Dejó una nota pegada a la puerta: «Volveré a mediados de semana, Pereira.» Por suerte no se encontró con la portera en la escalera y eso le confortó. Salió a la luz deslumbrante del día y se dirigió al Café Orquídea. Cuando pasaba por delante de la carnicería judía vio una aglomeración de gente y se detuvo. Advirtió que el escaparate estaba destrozado y que la pared estaba cubierta de pintadas que el carnicero estaba borrando con pintura blanca. Atravesó el grupo de gente y se acercó al carnicero, le conocía bien, era el joven Mayer, había conocido también a su padre, con quien iba a menudo a tomar una limonada a los cafés del paseo que bordeaba el río. Después el viejo Mayer había muerto y había dejado la carnicería a su hijo David, un chicarrón corpulento, con una barriga prominente a pesar de su joven edad, y aspecto jovial. David, preguntó Pereira acercándose, ¿qué ha ocurrido? Ya lo ve usted, señor Pereira, respondió David secándose con su delantal de carnicero las manos manchadas de pintura, vivimos en un mundo de vándalos, ha sido obra de vándalos. ¿Ha llamado a la policía?, preguntó Pereira. ¡Menuda ocurrencia!, exclamó David, ¡menuda ocurrencia!

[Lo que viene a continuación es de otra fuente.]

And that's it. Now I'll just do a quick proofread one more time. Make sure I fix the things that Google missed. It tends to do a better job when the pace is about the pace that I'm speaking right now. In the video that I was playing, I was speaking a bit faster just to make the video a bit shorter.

Y se puso de nuevo a borrar las pintadas con pintura blanca. Pereira se dirigió hacia el Café Orquídea y se sentó dentro, delante del ventilador. Pidió una limonada y se quitó la chaqueta. ¿Ha oído lo que está pasando, señor Pereira? Pereira abrió los ojos e interpeló: ¿La carnicería judía? Pero ¿de qué carnicería judía habla?, respondió Manuel mientras se iba, hay cosas peores.

Pereira pidió una omelette a las finas hierbas y se la comió con calma. El Lisboa no saldría hasta las cinco de la tarde, y él no tendría tiempo de leerlo porque se encontraría en el tren para Coimbra. Quizá pudiera hacer que le consiguieran un periódico de la mañana, pero dudaba de que los periódicos portugueses hablaran de los acontecimientos a los que se refería el camarero. Simplemente, las voces corrían, iban de boca en boca, para estar informados había que preguntar en los cafés, escuchar las charlas, era la única manera para estar al corriente, o bien comprar algún periódico extranjero a los vendedores de la Rua do Ouro, pero los periódicos extranjeros, cuando llegaban, llegaban con dos o tres días de retraso, era inútil buscar un periódico extranjero, lo mejor era preguntar. Pero Pereira no tenía ganas de preguntar a nadie, quería sencillamente marcharse a las termas, disfrutar de unos días de tranquilidad, hablar con su amigo el profesor Silva y no pensar en los males del mundo. Pidió otra limonada, hizo que le trajeran la cuenta, salió, se dirigió a la central de Correos y mandó dos telegramas, uno al hotel de las termas para reservar una habitación y otro a su amigo Silva. «Llego a Coimbra con el tren de la noche. Stop. Si puedes ir a recogerme en coche, te lo agradecería. Stop. Un abrazo. Pereira.»

Después se dirigió a su casa para hacer la maleta. Pensó que el billete lo sacaría directamente en la estación, total, tenía todo el tiempo del mundo, sostiene.